The Windup Girl

READERS OF NATURE WRITING may not be aware of the deep green streak that runs through much science fiction, so Paolo Bacigalupi’s The Windup Girl might be missed. It shouldn’t be. Bacigalupi has plenty of street cred in the science-fiction world, but those coming to his work for the first time (myself included) may be more impressed with his literary chops, which are considerable.

The Windup Girl is set in the not-too-distant future of Bangkok, following the Contraction, when globalization — the Expansion — fell apart in a nightmare of war, genetic engineering tragedies, and the end of the oil-based economy. Not that life in the Contraction is much better. Genetically engineered crops, and their consequent diseases, are the norm. The power centers of the world have shifted from Beijing and Washington DC to Des Moines, Iowa, where AgriGen directs its agents, known as calorie men, to find seed stock to genehack and rip into new commodities. SoyPRO and U-Tex rice pass for food.

Deftly plotted and evocative, The Windup Girl follows several entangled lives, including AgriGen’s calorie man in Thailand, Anderson Lake, and Jaidee and Kanya, who command the Environment Ministry’s “white shirts,” enforcers of regulations and takers of bribes. There are many more characters in this exotic and richly rendered novel, and their constantly divided loyalties and cocoons of lies are entrancing and moving.

Bacigalupi cares for language in ways rare in much genre fiction, which gives this novel a chance of moving beyond the science-fiction world, much as other dystopian works, such as Ursula LeGuin’s The Dispossessed or John Brunner’s Stand on Zanzibar have done.

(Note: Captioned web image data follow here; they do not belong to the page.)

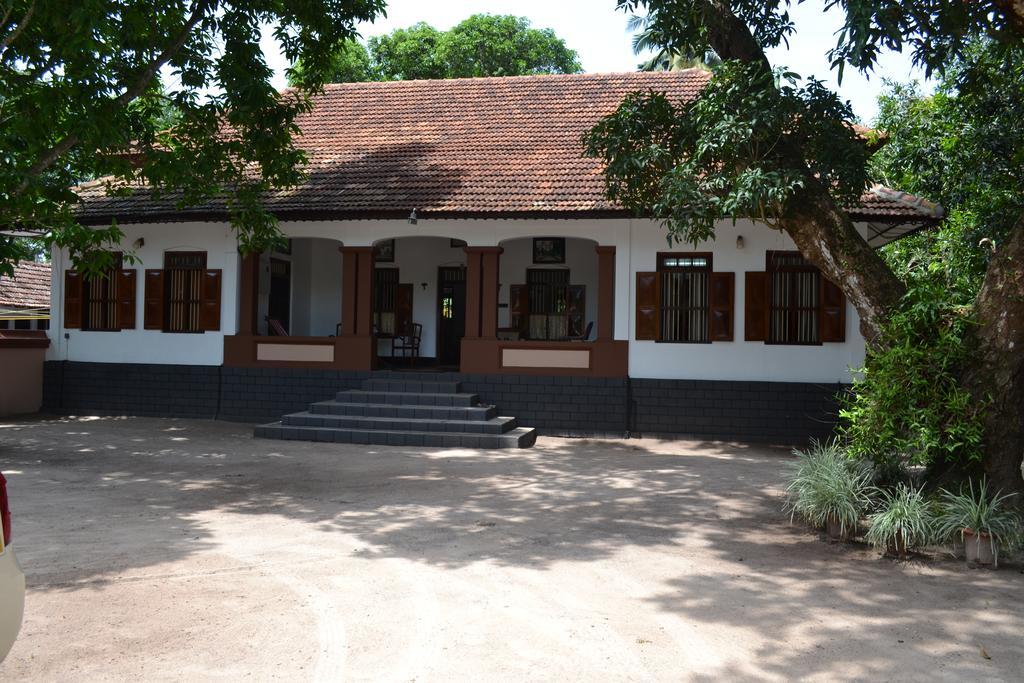 Tharavad Heritage Alappuzha Luaran gambar
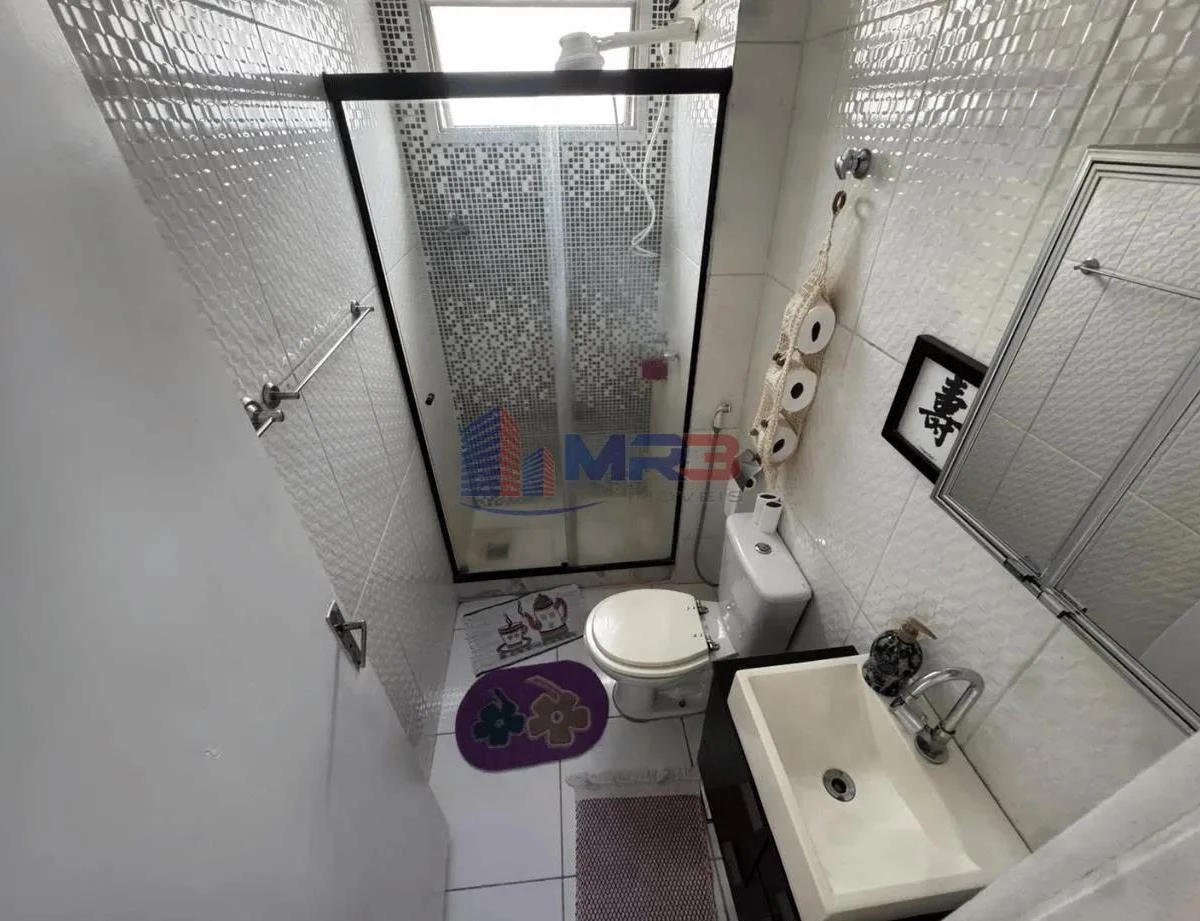 Mountain view in a 2-bedroom apartment, 57 m² — photo 2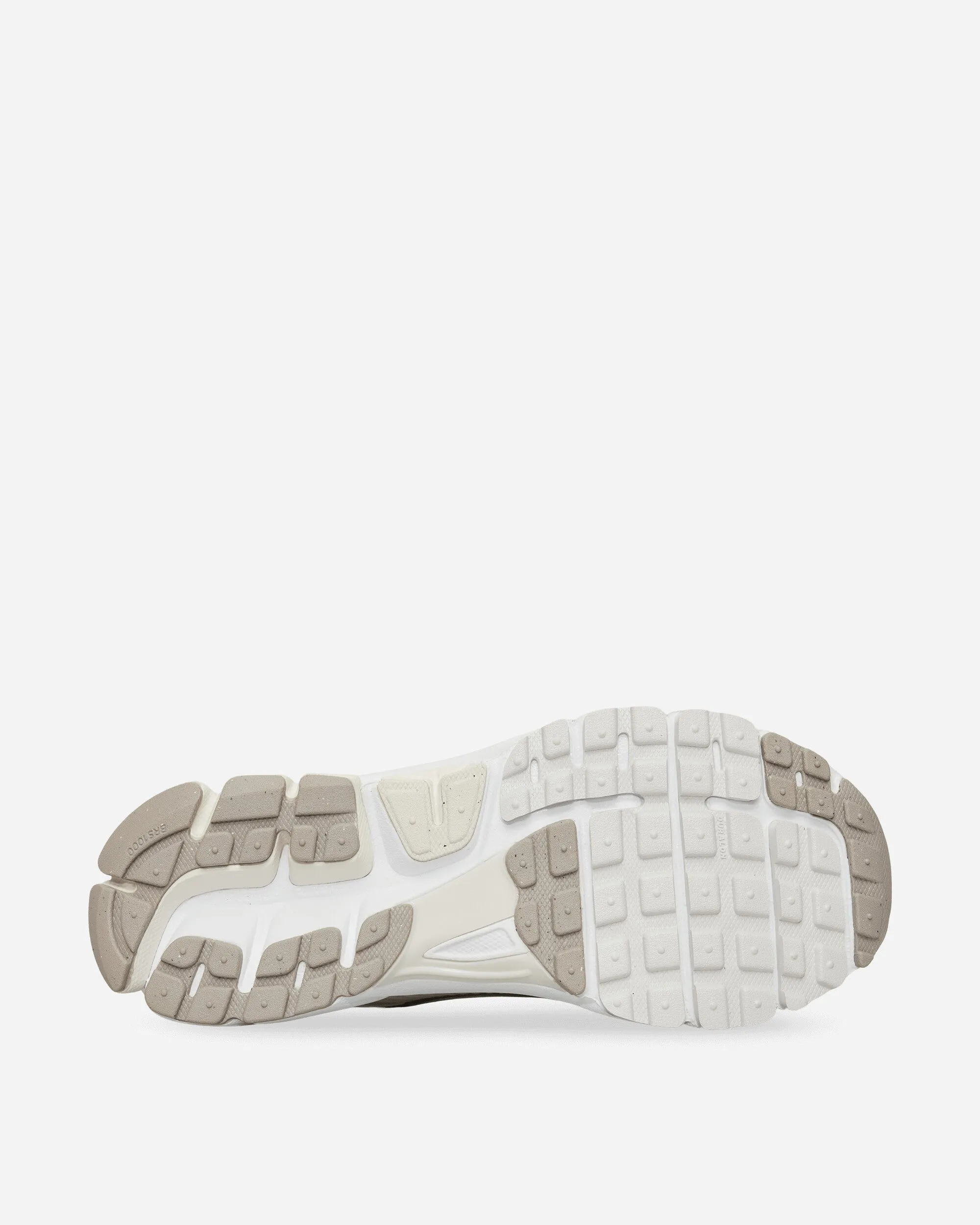 Full Comfort Flex Daily Women's Zoom Vomero 5 Sneakers White / Phantom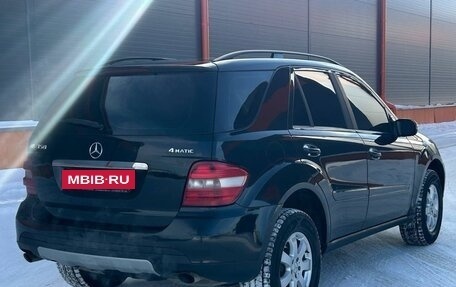 Mercedes-Benz M-Класс, 2006 год, 799 000 рублей, 2 фотография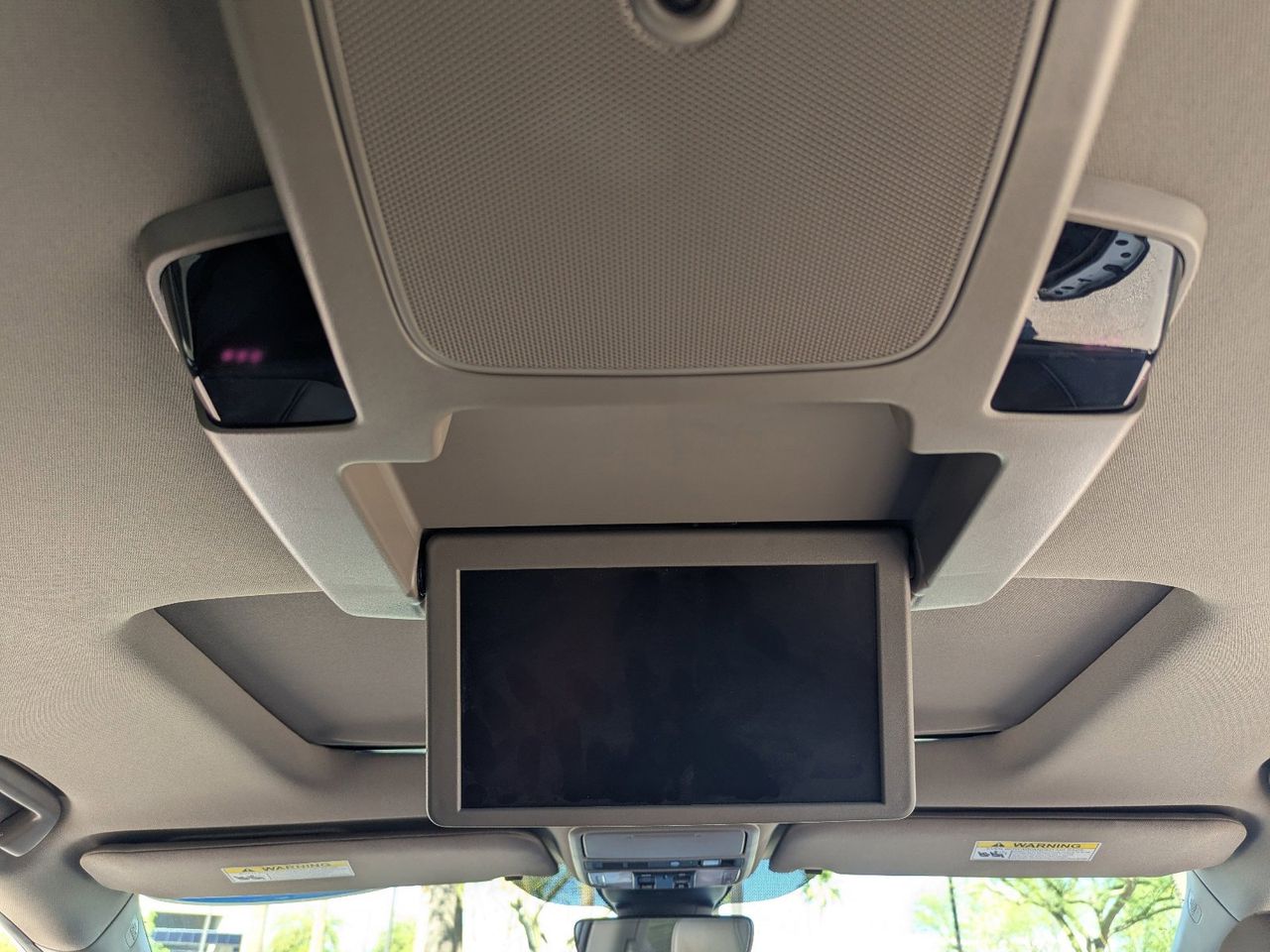 Used 2023 Platinum White Pearl Honda Touring image 24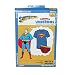 Underoos Boys Superman Underwear Shirt Set
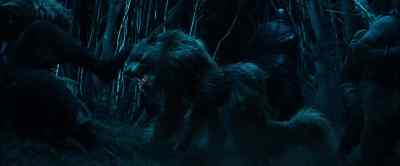 Easy. - Underworld: Rise of the Lycans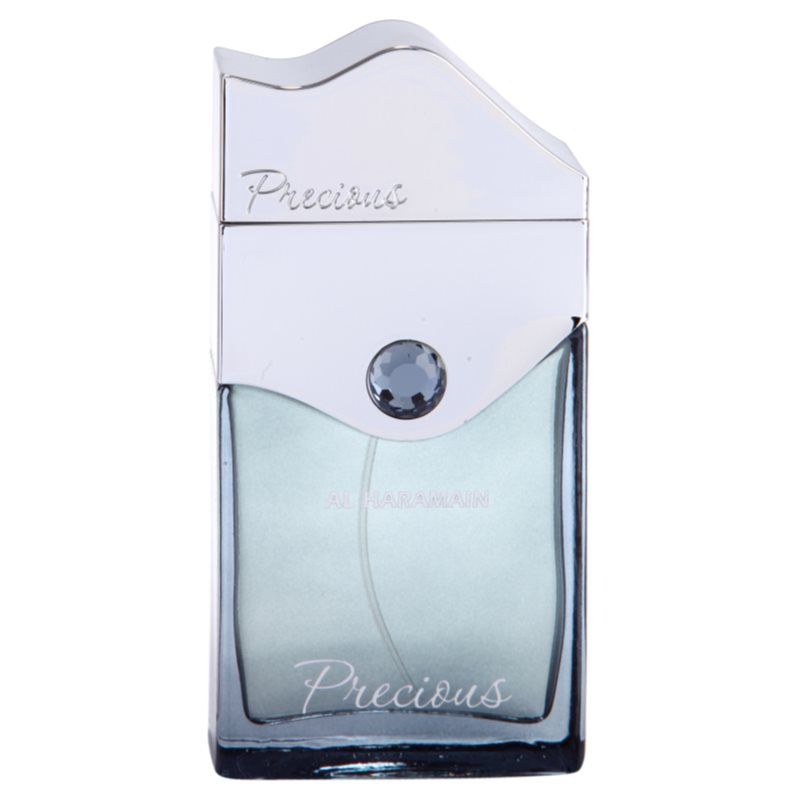 Al Haramain Precious Silver / 100 / Dames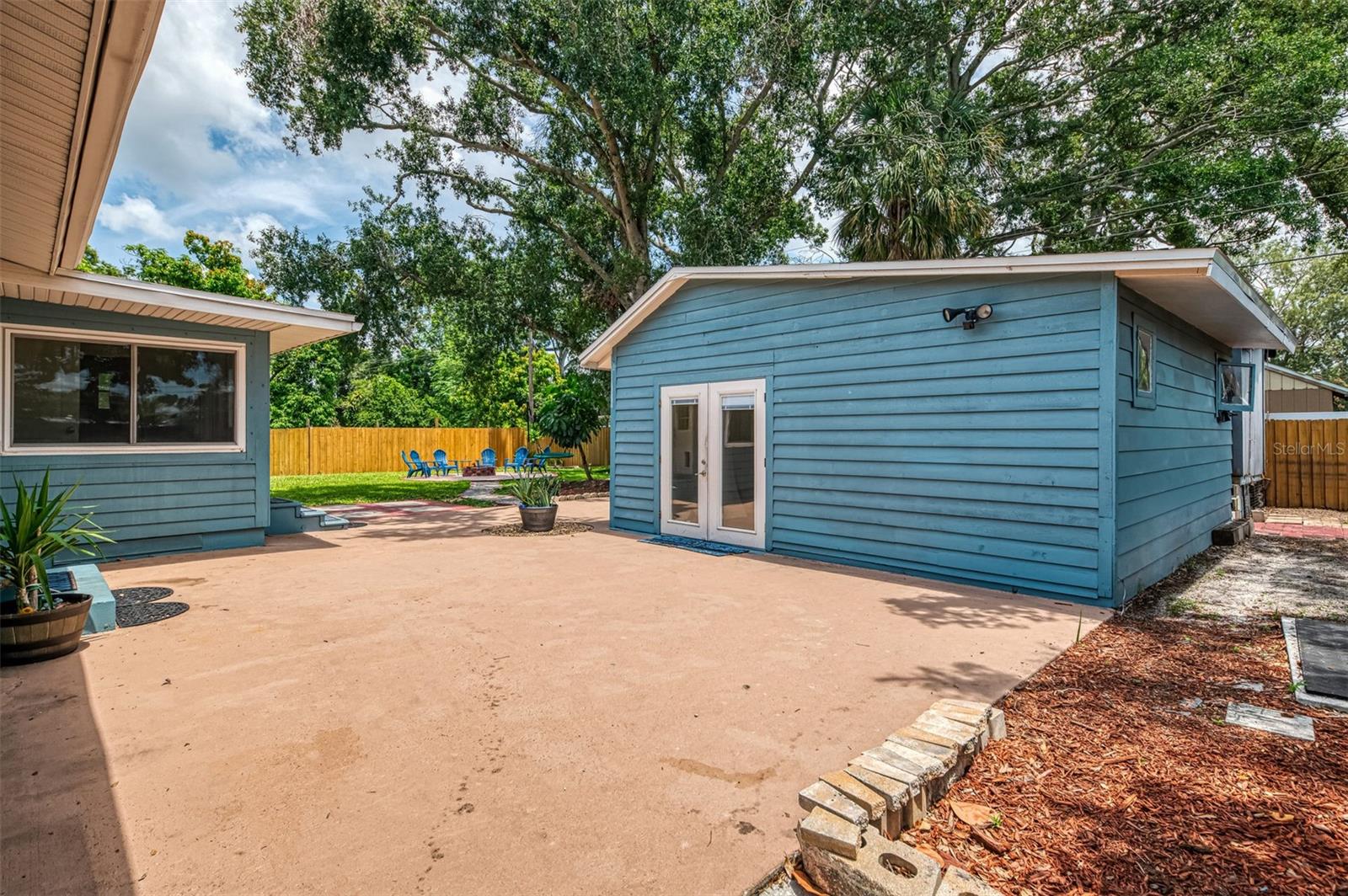 GREENWOOD HEIGHTS - Residential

Very early in The Windup Girl, one reads, “In the evening, with the factory closed, it was just possible to mistake the empty desks for something other than the topography of failure.” Much later, there is this sentence, which, like the entire novel, is a melding of economic/ecological rumination with a fine eye for place: “Already AgriGen ships are in the docks, unloading U-Tex rice and SoyPRO onto the docks. The sterile seeds of the grain monopolies. . . . From where she stands in the parade grounds, Kanya can see the corporate sails with their red wheat crest logos billowing above the levee rim.”

Like much science fiction, The Windup Girl leans heavily on dialogue; early on, this is fascinating, because the characters and their situations are so convoluted. Later, as events unfold more rapidly, this use of dialogue could distract some readers. And as is so often the case in novels of all kinds that intertwine multiple characters and points of view, the culmination that ravels these together can seem a bit too contrived. The Windup Girl is right at the edge of such a conclusion.

But unlike much work in its genre, The Windup Girl doesn’t forsake people, place, or prose in service of premise or plot. Bacigalupi understands that ideas matter only as lives matter. Which is why, despite a grim view of the century or two to come, there is a sense of hope in the novel, hope for right action and for an evolution in humanity, metaphoric or literal.

Christopher Cokinos is an American poet and writer of nonfiction on nature and the environment. He is the winner of the Sigurd Olson Nature Writing Award, the Fine-Line Prize for Lyric Prose (from Mid-American Review), and the Glasgow Prize for an Emerging Writing of Nonfiction. His essays, poems and reviews have appeared in the New York Times, the Los Angeles Times, the Iowa Review, Ecotone, Orion, Poetry, Western Humanities Review, and Science, among many other venues. Cokinos publications include Killing Season (poetry), Hope Is the Thing with Feathers: A Personal Chronicle of Vanished Birds (nonfiction), and The Fallen Sky: An Intimate History of Shooting Stars (nonfiction).